▶ WHAT YOU HAVE TO DO
Write out, word for word, each line from the start of the entries through the one holding "I pulled this"; omit the pictures.

━━ DATASET CONTENT

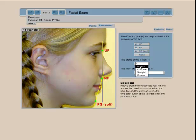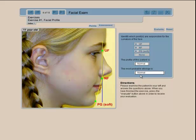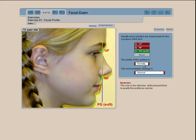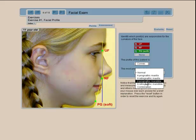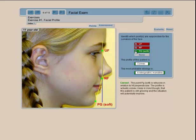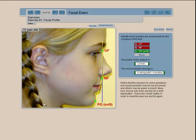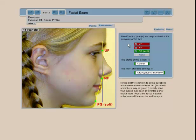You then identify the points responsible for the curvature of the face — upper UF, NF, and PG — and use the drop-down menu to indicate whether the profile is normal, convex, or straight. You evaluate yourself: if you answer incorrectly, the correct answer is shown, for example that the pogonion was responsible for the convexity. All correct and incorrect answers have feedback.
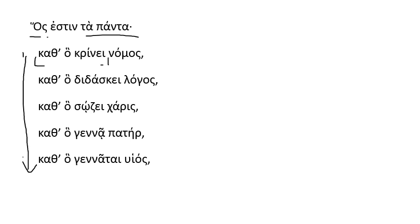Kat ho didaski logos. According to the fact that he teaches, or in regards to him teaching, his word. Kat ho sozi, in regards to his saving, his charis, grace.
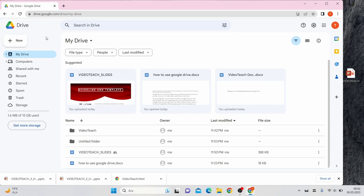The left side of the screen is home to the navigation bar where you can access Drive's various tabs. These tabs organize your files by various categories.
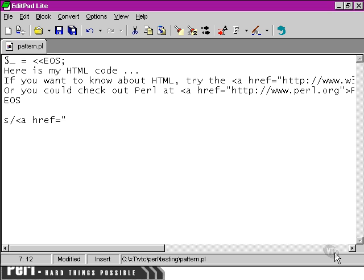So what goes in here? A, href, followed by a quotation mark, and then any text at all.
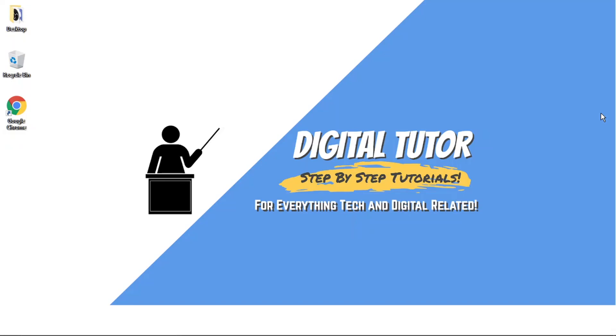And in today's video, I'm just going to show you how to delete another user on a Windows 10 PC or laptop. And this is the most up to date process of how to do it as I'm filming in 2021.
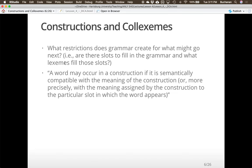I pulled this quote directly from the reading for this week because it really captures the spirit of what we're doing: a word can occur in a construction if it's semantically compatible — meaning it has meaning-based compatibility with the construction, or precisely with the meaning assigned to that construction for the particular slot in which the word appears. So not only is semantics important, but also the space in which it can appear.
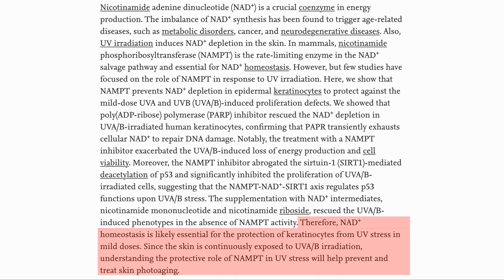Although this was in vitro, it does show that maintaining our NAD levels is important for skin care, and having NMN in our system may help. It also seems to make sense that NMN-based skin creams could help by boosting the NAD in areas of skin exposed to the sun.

━━━━

▶ ANSWER BOX
You then identify the points responsible for the curvature of the face — upper UF, NF, and PG — and use the drop-down menu to indicate whether the profile is normal, convex, or straight. You evaluate yourself: if you answer incorrectly, the correct answer is shown, for example that the pogonion was responsible for the convexity. All correct and incorrect answers have feedback.
Kat ho didaski logos. According to the fact that he teaches, or in regards to him teaching, his word. Kat ho sozi, in regards to his saving, his charis, grace.
The left side of the screen is home to the navigation bar where you can access Drive's various tabs. These tabs organize your files by various categories.
So what goes in here? A, href, followed by a quotation mark, and then any text at all.
And in today's video, I'm just going to show you how to delete another user on a Windows 10 PC or laptop. And this is the most up to date process of how to do it as I'm filming in 2021.
I pulled this quote directly from the reading for this week because it really captures the spirit of what we're doing: a word can occur in a construction if it's semantically compatible — meaning it has meaning-based compatibility with the construction, or precisely with the meaning assigned to that construction for the particular slot in which the word appears. So not only is semantics important, but also the space in which it can appear.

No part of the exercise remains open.